◆ **Required work**: Start to finish, print the data below exactly, without the images.

[Scraped caption text data]
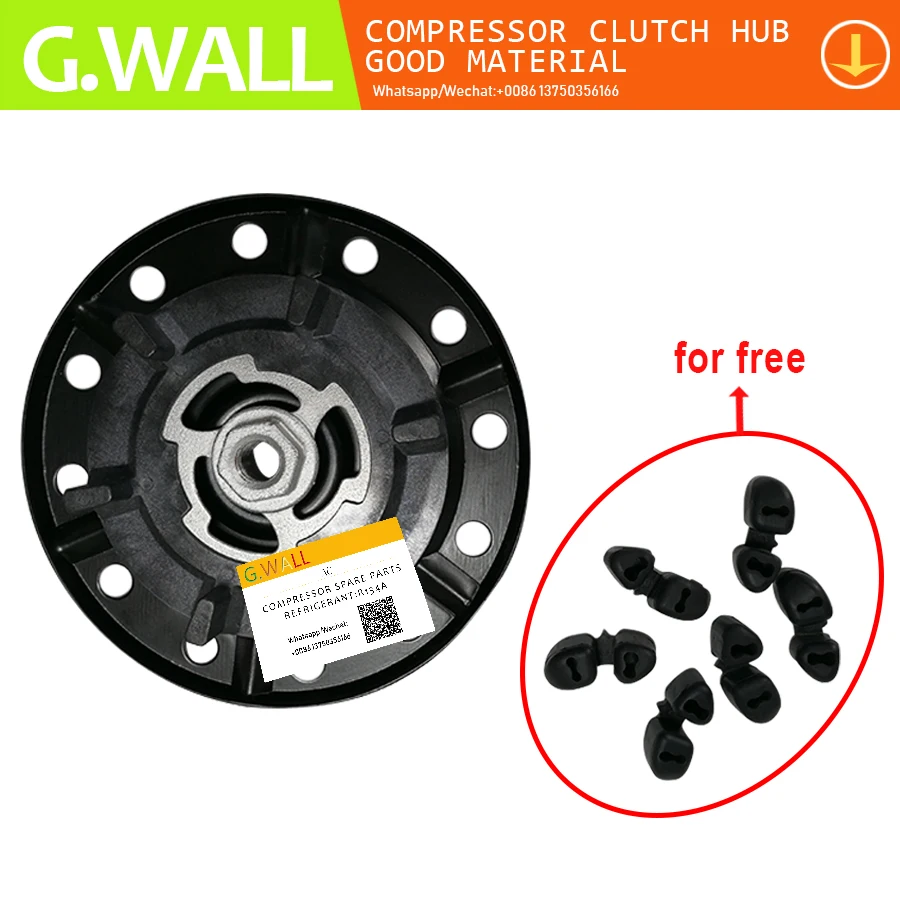 Для TOYOTA YARIS AVENSIS 5SE09C 5SE11C 5SE12C 6SEU14C AC Компрессор сцепления концентратор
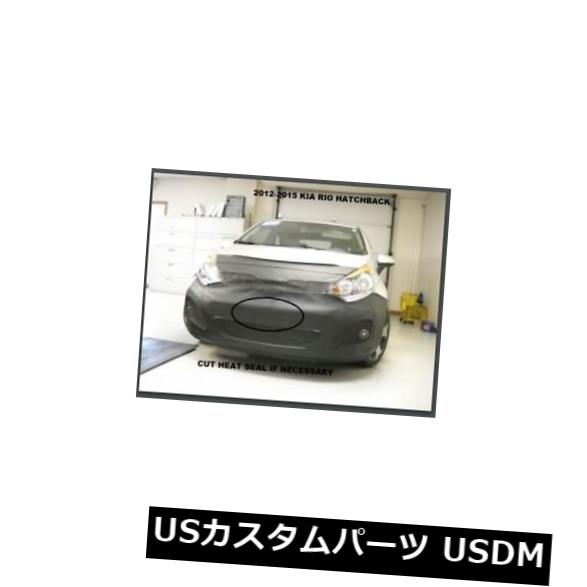 新品 レブラフロントエンドマスクカバーブラジャーキアリオハッチバック2012-2015 12-15に適合 Lebra Front End Mask Cover Bra Fits Kia Rio Hatchback 2012-2015 12-15 【並行輸入品】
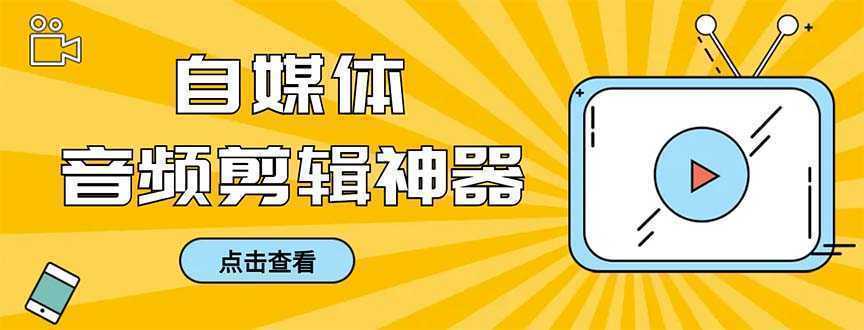 外面收费888的极速音频剪辑，看着字幕剪音频，效率翻倍，支持一键导出【…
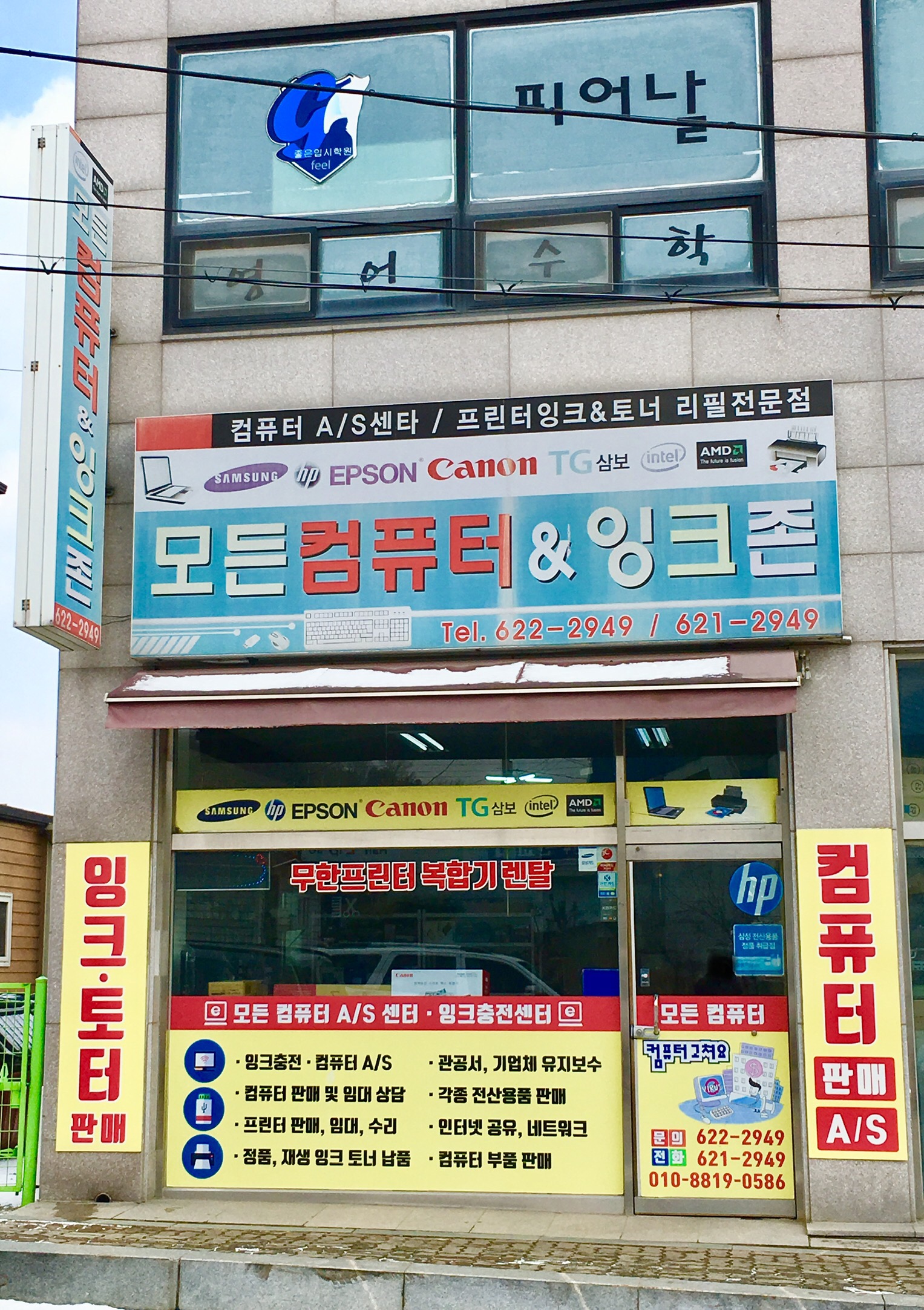 모든컴퓨터앤잉크존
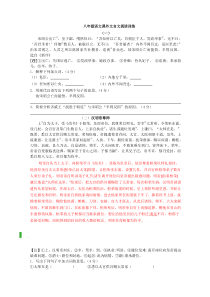 八年级语文课外文言文阅读训练及答案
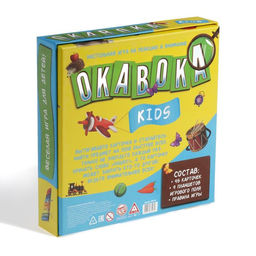 Настольная игра Окавока. Kids - Лас играс фото 8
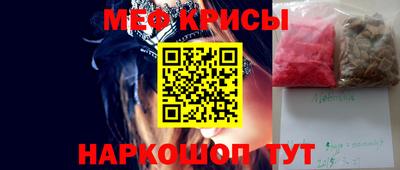 скорость Будённовск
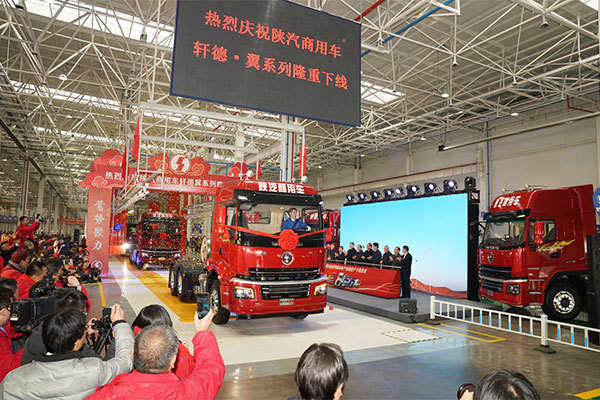 Le 30 décembre 2019, la cérémonie de lancement du parc industriel de Shaanxi Automobile pour la série complète de véhicules utilitaires a eu lieu dans le parc industriel de Baoji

◆ **Answer to this exercise**:
 Для TOYOTA YARIS AVENSIS 5SE09C 5SE11C 5SE12C 6SEU14C AC Компрессор сцепления концентратор
 新品 レブラフロントエンドマスクカバーブラジャーキアリオハッチバック2012-2015 12-15に適合 Lebra Front End Mask Cover Bra Fits Kia Rio Hatchback 2012-2015 12-15 【並行輸入品】
 外面收费888的极速音频剪辑，看着字幕剪音频，效率翻倍，支持一键导出【…
 모든컴퓨터앤잉크존
 八年级语文课外文言文阅读训练及答案
 Настольная игра Окавока. Kids - Лас играс фото 8
 скорость Будённовск
 Le 30 décembre 2019, la cérémonie de lancement du parc industriel de Shaanxi Automobile pour la série complète de véhicules utilitaires a eu lieu dans le parc industriel de Baoji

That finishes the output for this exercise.